Barclays agreed to pay $100m, or £77m, to 44 US states for “fraudulent and anti-competitive conduct” in the Libor interest rate rigging scandal.

The fine will be shared between 43 US states and the district of Columbia. It follows the £290m fine by the Financial Services Authority, now the Financial Conduct Authority, the US Commodity Futures Trading Commision and the US Department of Justice in 2012.

Attorney-generals from New York and Connecticut led the investigation into the bank’s role in rigging the US dollar Libor rate, which is the global benchmark interest rate banks charge each other for short-term loans denominated in that currency.

Eric Schneiderman, the New York attorney-general, said: “There has to be one set of rules for everyone, no matter how rich or how powerful, and that includes big banks and other financial institutions that engage in fraud or impair the fair functioning of financial markets.

“As a result of Barclays’s misconduct, government entities and not-for-profits were defrauded of funds that otherwise could have been used to benefit the people of New York.”

Barclays said it was pleased to resolve the investigation by the attorney-generals. “We believe this settlement is in the best interests of our shareholders and clients, and allows us to continue to focus on the future and serve our clients.”

The bank did not deny, nor admit to the allegations of fixing Libor or Euribor, the Euro interbank offered rate.

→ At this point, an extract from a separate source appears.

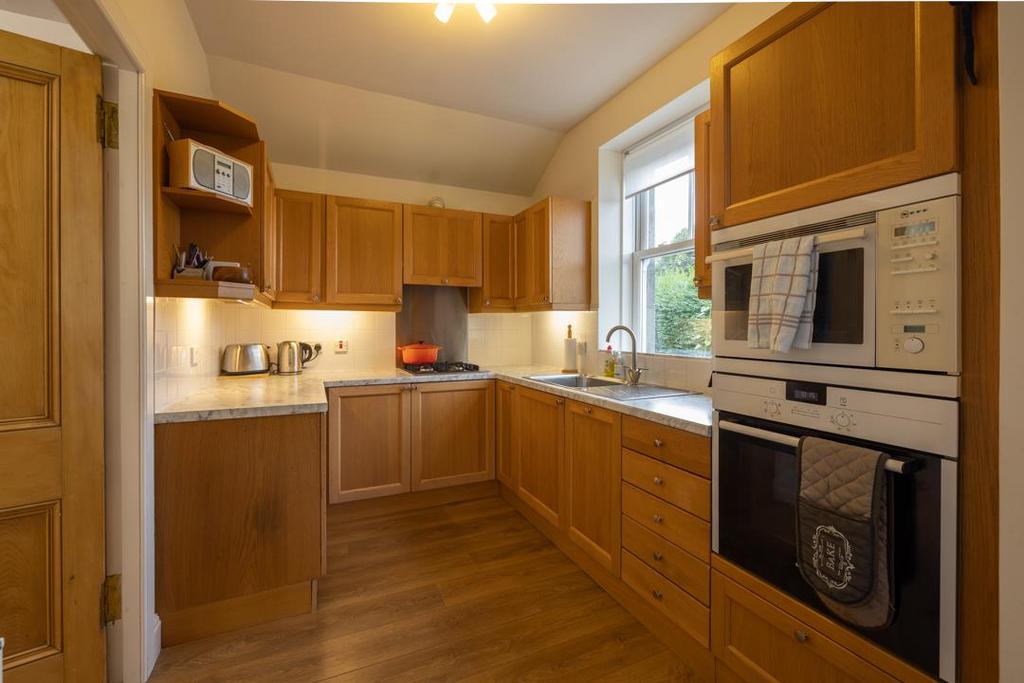 West-Moulin-Road-Kitchen.jpg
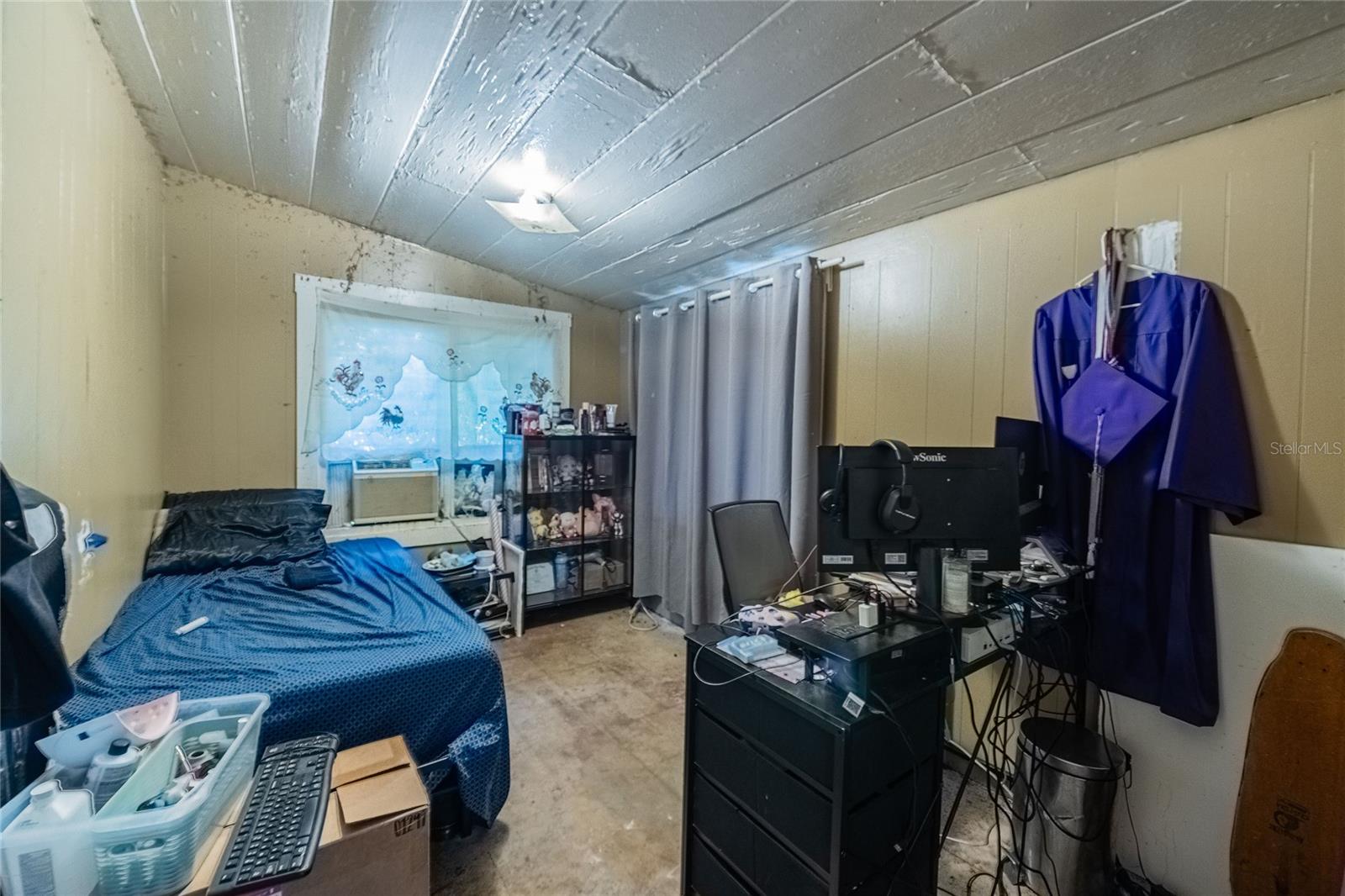 COUNTRY CLUB ESTATES SUB - Residential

The Libor rate is used to price about $350trn-worth of financial products and Schneiderman said not-for profits organisations and governments were defrauded due to the bank and other financial institutions influencing the rate.

The investigation revealed e-mail exchanges between Barclays staff about changing the Libor rate during the 2008 financial crisis and during a separate period to benefit traders.

Barclays became the first bank to reach a settlement with investors in 2014 over the scandal and paid about $20m to Metzler Investment and two FTC Capital hedge funds.

Shares in Barclays were up 2.30% to 161.01p at 1317 BST.